*Prompt*
Starting with the line with "Zelensky Politics Is" in the entries below and going on through the line with "TPP Trade Deal", output every line exactly and nothing more. No pictures.

*Extracted records*
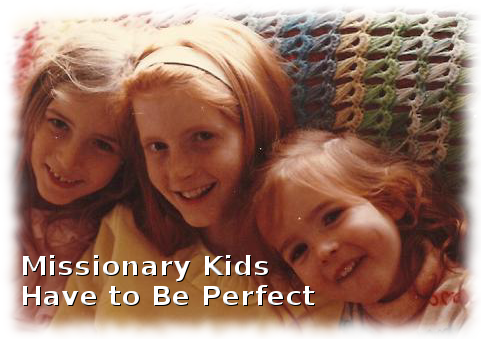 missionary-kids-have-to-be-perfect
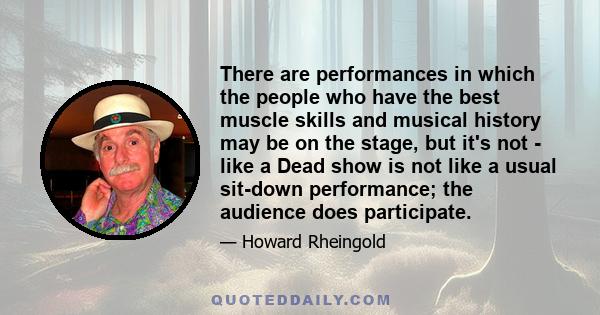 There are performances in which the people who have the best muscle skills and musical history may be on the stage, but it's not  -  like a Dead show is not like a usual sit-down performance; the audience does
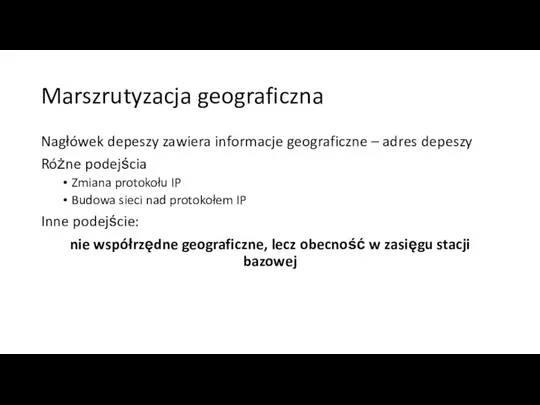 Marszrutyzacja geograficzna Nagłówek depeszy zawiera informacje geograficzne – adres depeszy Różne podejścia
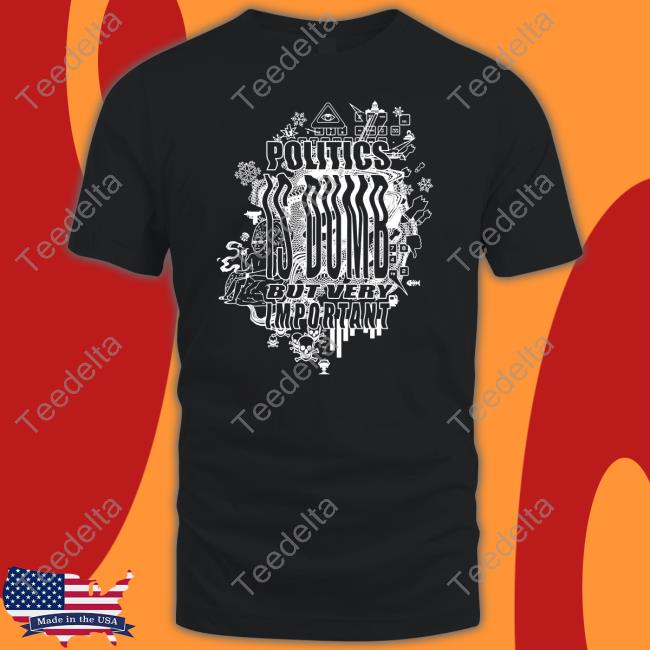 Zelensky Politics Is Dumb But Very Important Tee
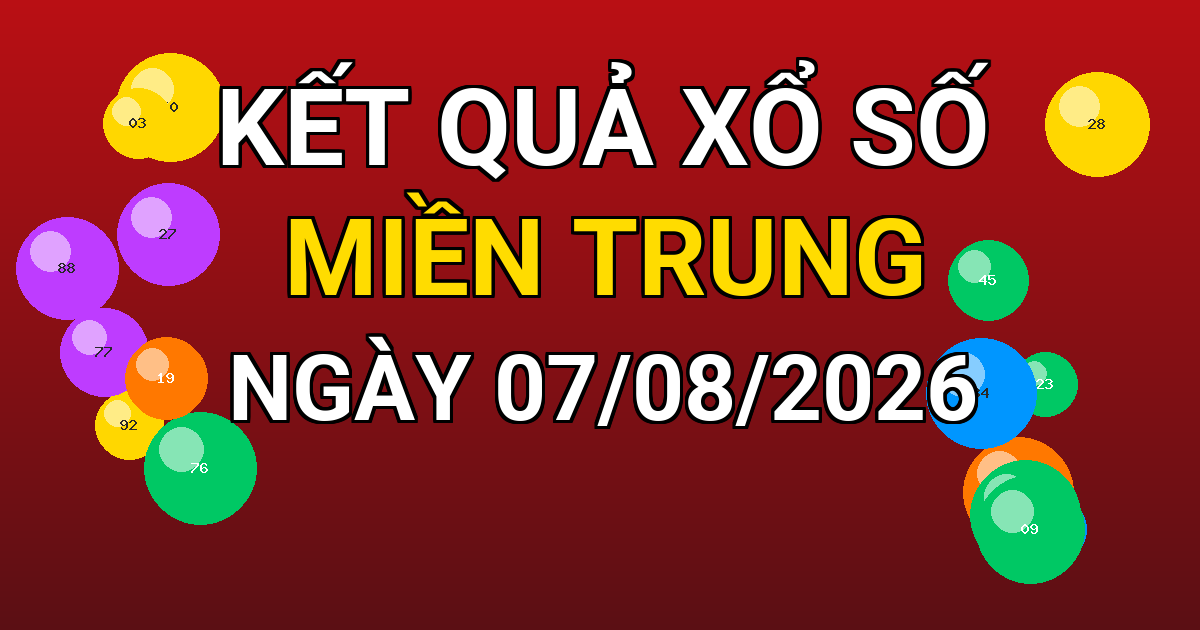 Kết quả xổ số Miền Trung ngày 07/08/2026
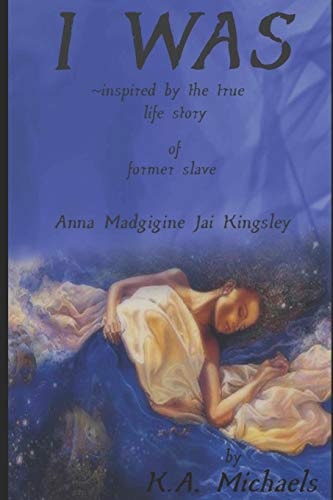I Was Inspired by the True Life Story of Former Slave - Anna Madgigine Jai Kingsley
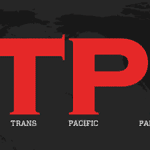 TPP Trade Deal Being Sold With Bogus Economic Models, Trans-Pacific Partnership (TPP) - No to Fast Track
---
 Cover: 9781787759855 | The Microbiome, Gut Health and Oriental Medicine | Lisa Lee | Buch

*Result of the exercise*
 Zelensky Politics Is Dumb But Very Important Tee
 Kết quả xổ số Miền Trung ngày 07/08/2026
I Was Inspired by the True Life Story of Former Slave - Anna Madgigine Jai Kingsley
 TPP Trade Deal Being Sold With Bogus Economic Models, Trans-Pacific Partnership (TPP) - No to Fast Track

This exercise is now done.